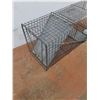 Image 2 : **Small Animal Trap Cage, 10.5" x 32" x 12", As Is - Cannot Ship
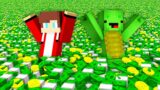 Mikey and JJ Have INFINITE MONEY in Minecraft! Maizen Security house hide and seek Family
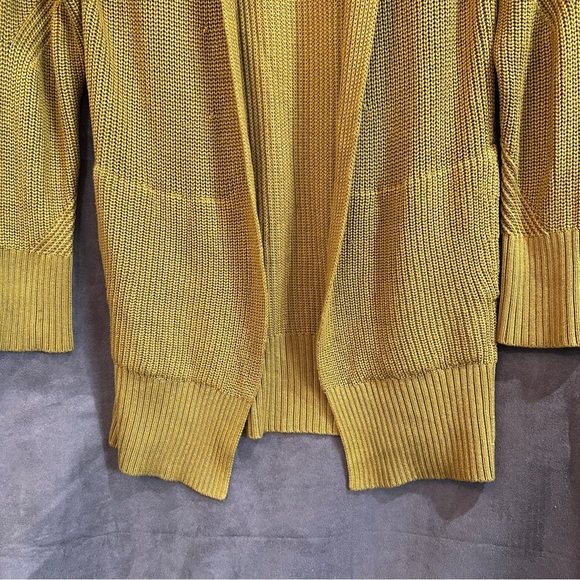 Lululemon Cashlu Sweater Wrap Cardigan Cashmere Blend Oversized Auric Gold XS/S - Picture 13 of 17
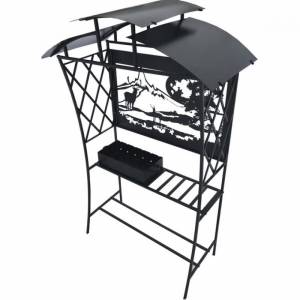 Мангал с крышей Горный олень 1,2 м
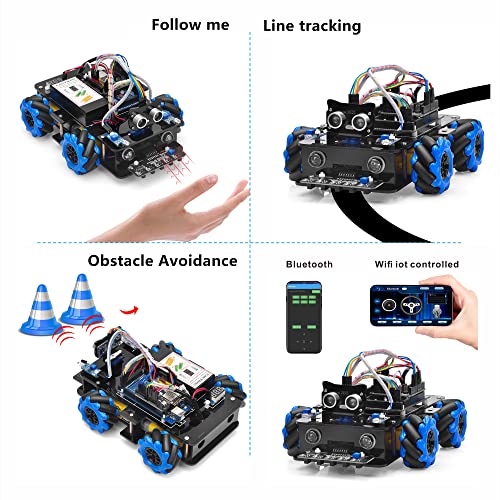 Omni-Directional Mecanum Wheel Robot Car for Arduino STEM Coding Learning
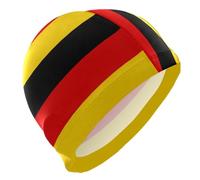 Gorro de natación con bandera de Alemania, unisex, para adultos, pelo corto, impermeable, para mujeres, protección del cabello y reducción de arrastre, gorros para natacion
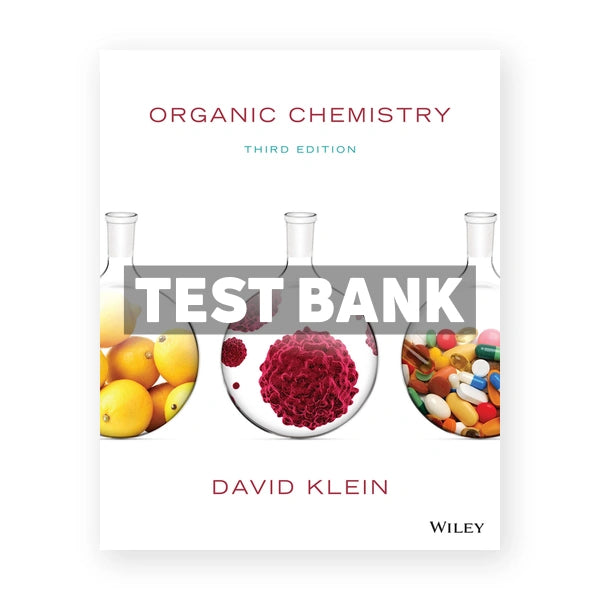 Organic Chemistry 3rd edition Klein Test Bank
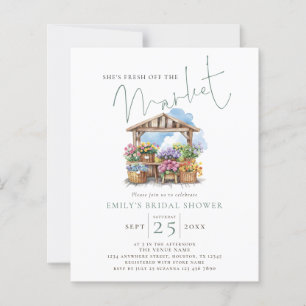 Budget She's Fresh Off the Market Bridal Shower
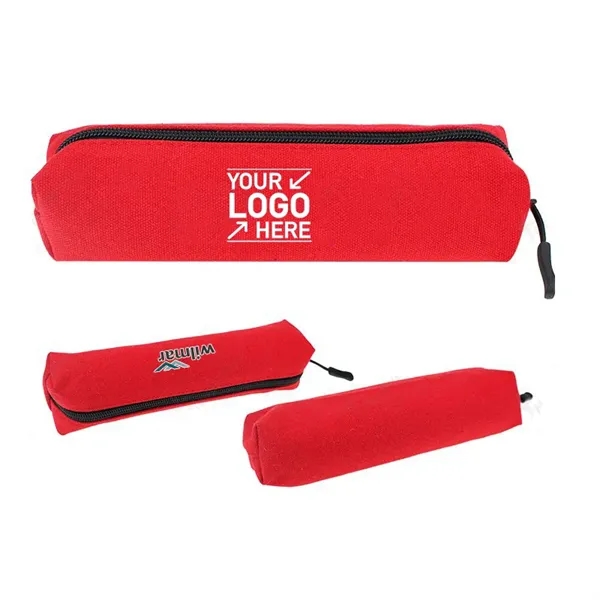 Canvas Stationery Pouch Portable Simple Zipper Pencil Case - Canvas Stationery Pouch Portable Simple Zipper Pencil Case - Image 2 of 4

----

What this task involves - When copying from the data above, begin at the line containing "Mikey and JJ" and end at the line containing "Gorro de natación"; return those lines exactly and leave all pictures behind.

Answer area -
 Mikey and JJ Have INFINITE MONEY in Minecraft! Maizen Security house hide and seek Family
 Lululemon Cashlu Sweater Wrap Cardigan Cashmere Blend Oversized Auric Gold XS/S - Picture 13 of 17
 Мангал с крышей Горный олень 1,2 м
 Omni-Directional Mecanum Wheel Robot Car for Arduino STEM Coding Learning
 Gorro de natación con bandera de Alemania, unisex, para adultos, pelo corto, impermeable, para mujeres, protección del cabello y reducción de arrastre, gorros para natacion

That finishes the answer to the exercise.